Satake: I'll always remember the Dark Hand's soul drain attack. This was the first thing Mr Miyazaki tried to explain to me and the first time I found myself on the receiving end of his acting. He was saying "I want it to be like this" while acting out the motion, and of course, I had no idea what he was doing. Haha.
Miyazaki: Yes, that can happen, but as I said before it's really a chance to hear everyone's ideas and get us all thinking on the same wavelength. I like to encourage everyone to contribute their ideas, no matter how trivial because from those some great ideas will emerge. For example having characters imprisoned inside the crystal golem. The lead artist actually came up with that idea. While we may end up using less that ten percent of these ideas I still think it's an important exercise. Of course we could just say "you go away and think about these 20 enemies" but I much prefer coming up with ideas together, having everyone contribute and develop the concept together. Although too many cooks can spoil the broth. Haha.
Satake: We actually used motion capture for the pre rendered movie, but in the sections where it differed from Mr Miyazaki's image he would act it out himself. Such as the part where Nito opens his hand, we reshot that many times didn't we. Also the part where the maiden takes the fire, originally she just took in in her hand but Miyazaki wanted it to look more like a prayer. We reshot that part many times too.
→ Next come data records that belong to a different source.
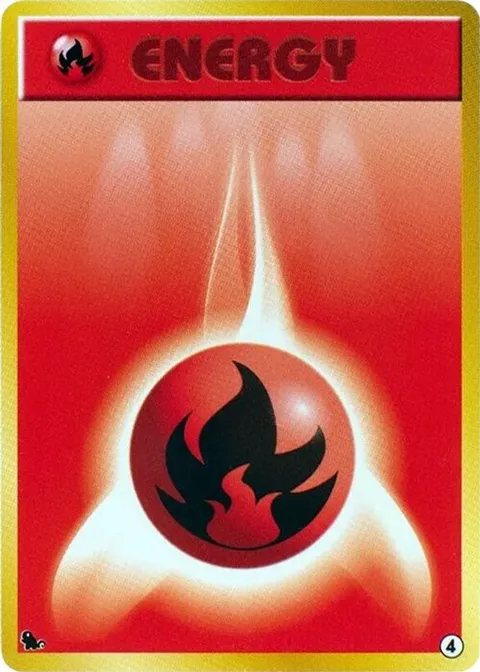Basic Fire Energy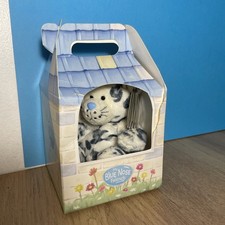 Blue Nose Friends plush Blizzard Number 35 Rare Collectable Soft Toy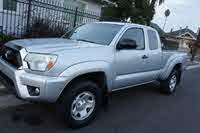 2012 Toyota Tacoma Overview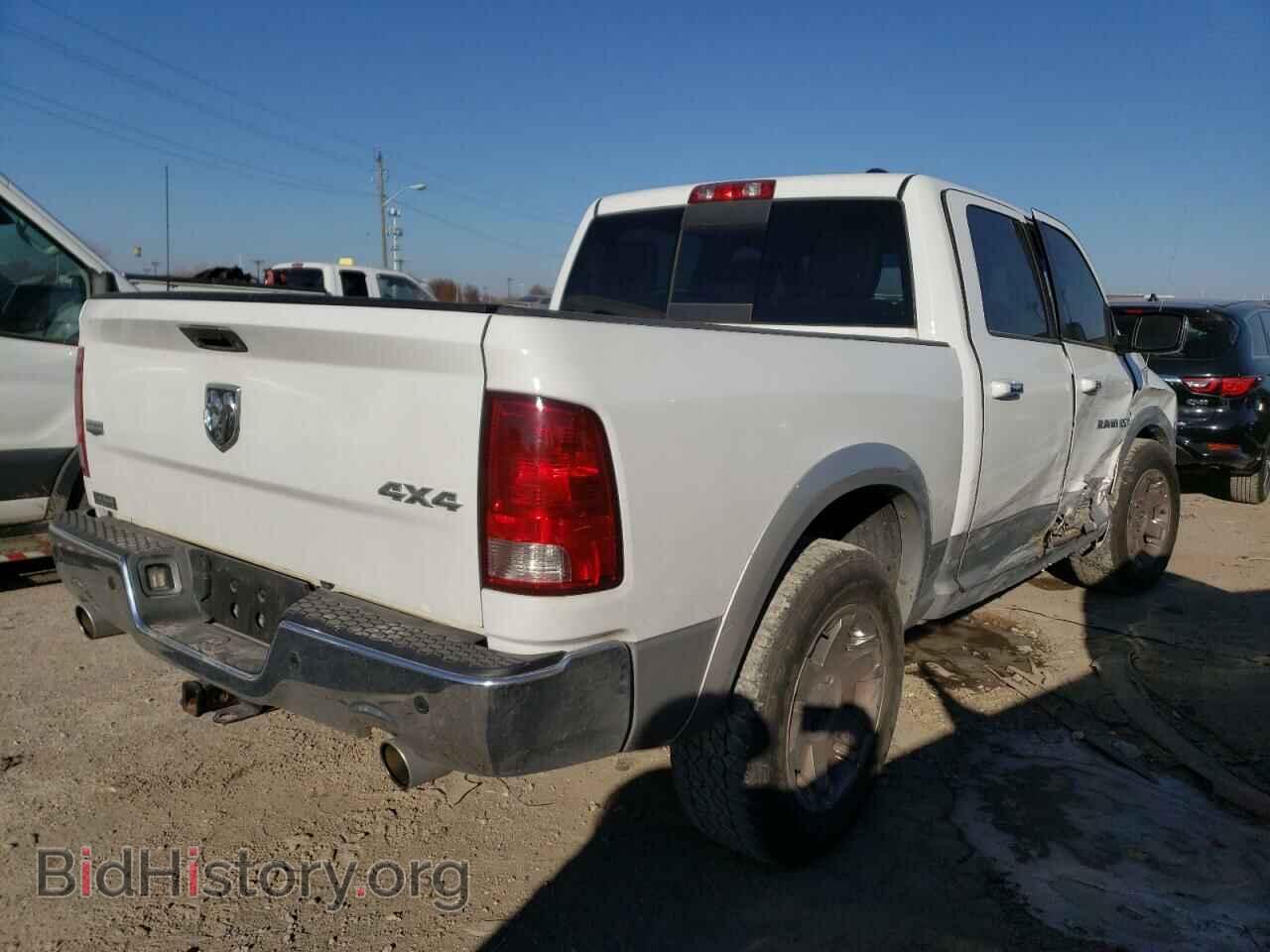 2012 DODGE RAM 1500 - VIN: 1C6RD7NT7CS303946 - Фото 3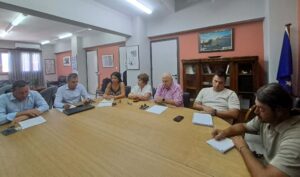 Θεσμικός διάλογος με κοινό στόχο την αναβάθμιση της λειτουργίας του Δημοτικού Συμβουλίου Αγίου Νικολάου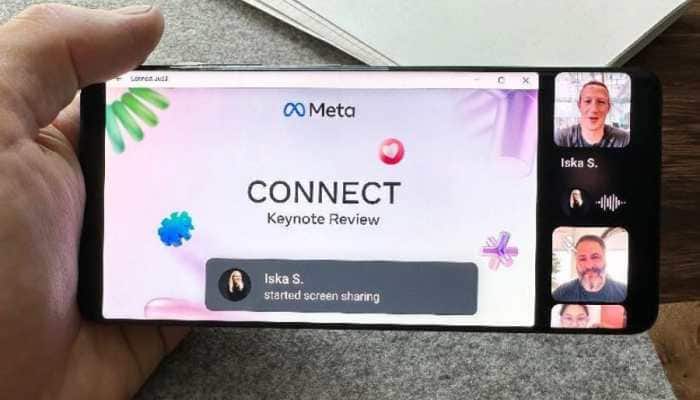 WhatsApp Rolling Out Screen-Sharing Feature During Video Call, Announces Mark Zuckerberg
Miyazaki: Yes, I wanted her to take it gently as if she was protecting something very important and delicate from being broken. It took a long time to achieve that, no matter how many times we reshot it, it always looked like it was going to break. Actually right after working through the night on that, I was flying from Haneda to American. I remember someone asking "where are you going to sleep" I decided I'd be fine just sleeping on the plane, but I wasn't fine at all, it was absolutely awful.
But I learned a huge amount from working on Dark Soul's pre-rendered intro. At that point we were much more experienced working on mech games like Armoured Core and I think that lack of experience with fantasy games hindered us a little, but there are things I really like about it. Seath's scene or the part where Nito raises his hands are my favourites, I think they came together really well.
Otsuka: Lastly I'd like to ask about the cover art.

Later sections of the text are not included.